Also around the egrets were some American Avocets, Common Terns, White-Faced Ibis, Red-Winged Blackbirds, Great Blue Herons, and even a Black-Crowned Night Heron who apparently wanted some breakfast before heading off to its day roost.  There were some Common Terns doing their death-drop into the water to catch fish – I worried about them because the water was shallow; I was afraid they’d break their necks! – and I saw an American White Pelican flying leisurely overhead… I got lots of photos and videos there, and was actually completely by myself for the majority of the time I was on the preserve.  I saw two or three other cars, but no people until just before I was ready to leave, so that was nice, too.

I was reluctant to leave the egrets to walk around the rest of the boardwalk area, but I did.

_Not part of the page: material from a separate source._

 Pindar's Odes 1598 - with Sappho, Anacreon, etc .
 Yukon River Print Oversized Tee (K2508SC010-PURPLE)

There wasn’t much water around the boardwalk itself but the plants were crazy-prolific: several different kinds of grass, including Canary grass and Rabbit’s Foot Grass, Water Primrose, tules, of course, and small rushes, several different kinds of Smartweed, Jointed Charlock, a couple of different kinds of Flat Sedge, Soap Root, Scarlet Pimpernel, Flat-Faced Downgia… tons of stuff.  Too bad I pretty much suck at botany.

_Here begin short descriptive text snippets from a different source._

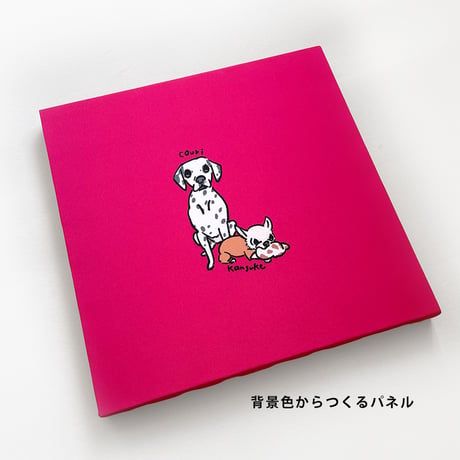 ▼スクエアBIGファブリックパネル◆(イラストをお持ちの方限定商品)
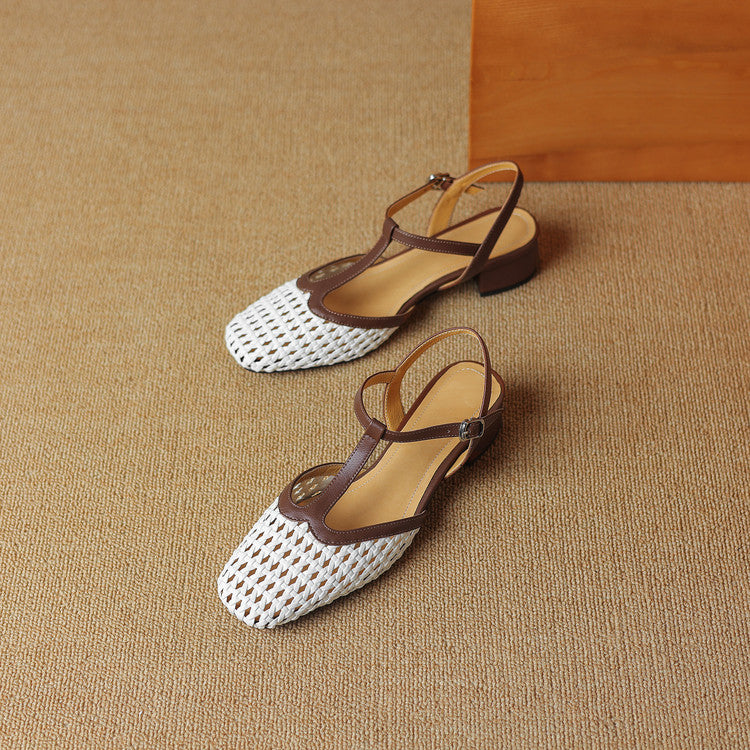 Twisted Woven High Heels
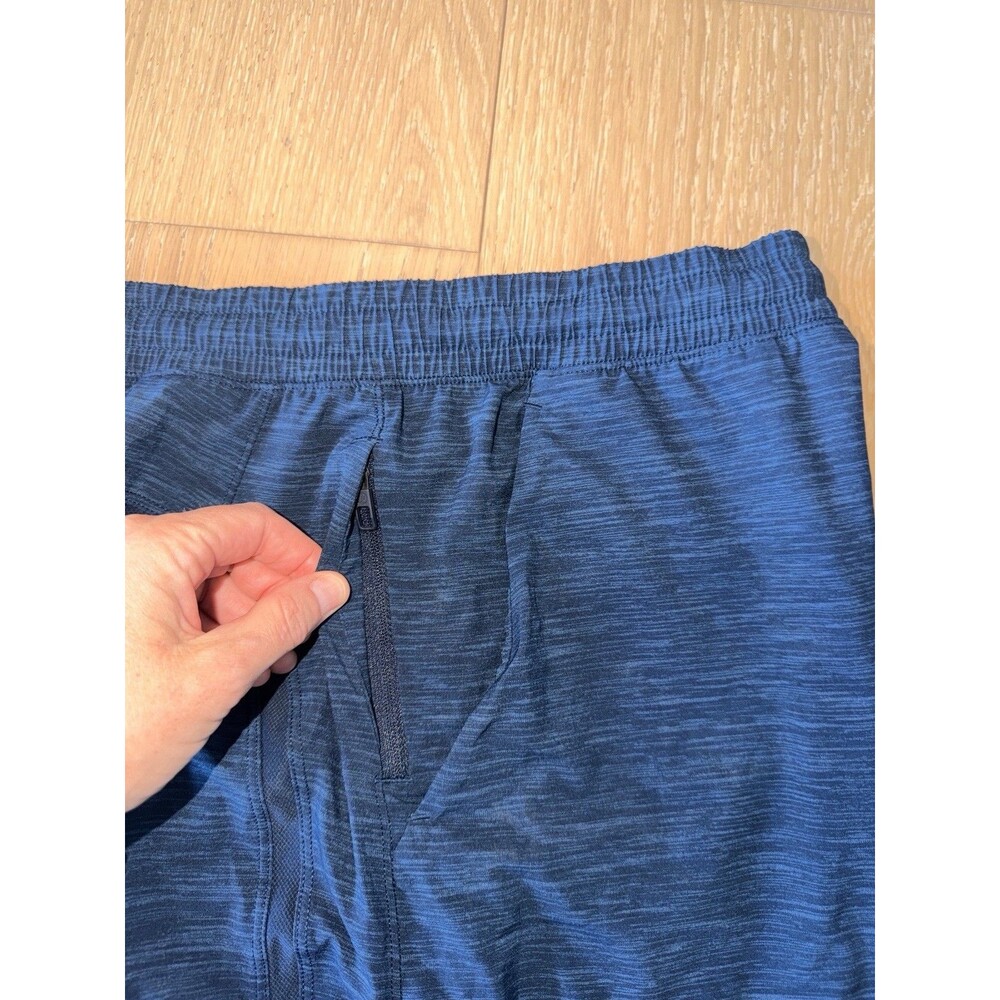 Lululemon Pace Breaker Linerless Short 7" Men Navy Heathered Gym Active Small - Picture 4 of 7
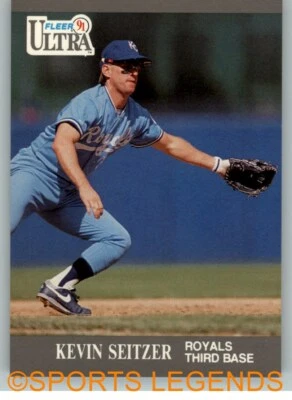 1991 MLB Fleer Ultra #155 Kevin Seitzer - Image 1 of 2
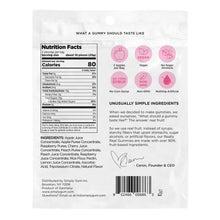 Load image into Gallery viewer, Really Real Gummies - Peach Raspberry (1.8 oz Bags)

At the end of the boardwalk, the viewing platform was surrounded by a shallow pool, but the rest of the area was pretty much dry.  When I stepped out onto the platform I could hear a raspy squawking coming from the tules and vegetation around the shore of the pond, and I thought it might be a Sora or a Rail but I couldn’t see it. Whatever it was ducked into the vegetation; I could see the plants move as the critter worked its way through them.  So, I decided to leave it for a while and focused my attention instead on the few other birds around the pond.  There was a pair of Canada Geese with their goslings, some more Avocets, Black-Necked Stilts, a pair of Northern Shovelers, and a couple of Long-Billed Dowitchers.  A cute moment with the geese: as soon as the babies realized mom and dad were ambling toward the water, they all rushed out in front of their parents like little kids running toward a beach.

As I was taking photos and video of them, the squawking started again, so I turned slowly to look behind me along the shore of the pond… and there was a mama Virginia Rail!  She moved pretty quickly at first because she was trying to shoo her babies into the tules – two tiny black fuzz-balls.  She might have had more, but I only saw two them. They’re so teeny; they looked like drier lint on a stick. Hah! After that initial showing, I kept an eye and an ear out for her and was able to see her three more times as she dashed out onto the muddy edge of the pond to catch bugs and dig up worms for her kids and then dashed back into the tules to feed them.  While I was watching her, another “old lady” came up onto the platform with her binoculars.  I was going to tell her about the Rail – which is a rare sight at the preserve – but I didn’t want to make any noise for fear I’d scare the Rail away.  [Later, I told two other people I saw as I was heading back to my car about the Rail, so I wasn’t being a total noodge about it.]

I also walked along the sidewalk that acts as a boat ramp and leads you to the river.  I could see all the damage the flooding had done to the ground there, and there was still standing water in many places.  I couldn’t actually get to the boat dock itself because the last fifteen or twenty feet of the ramp to the dock was under water.  And that’s VERY unusual for this time of year.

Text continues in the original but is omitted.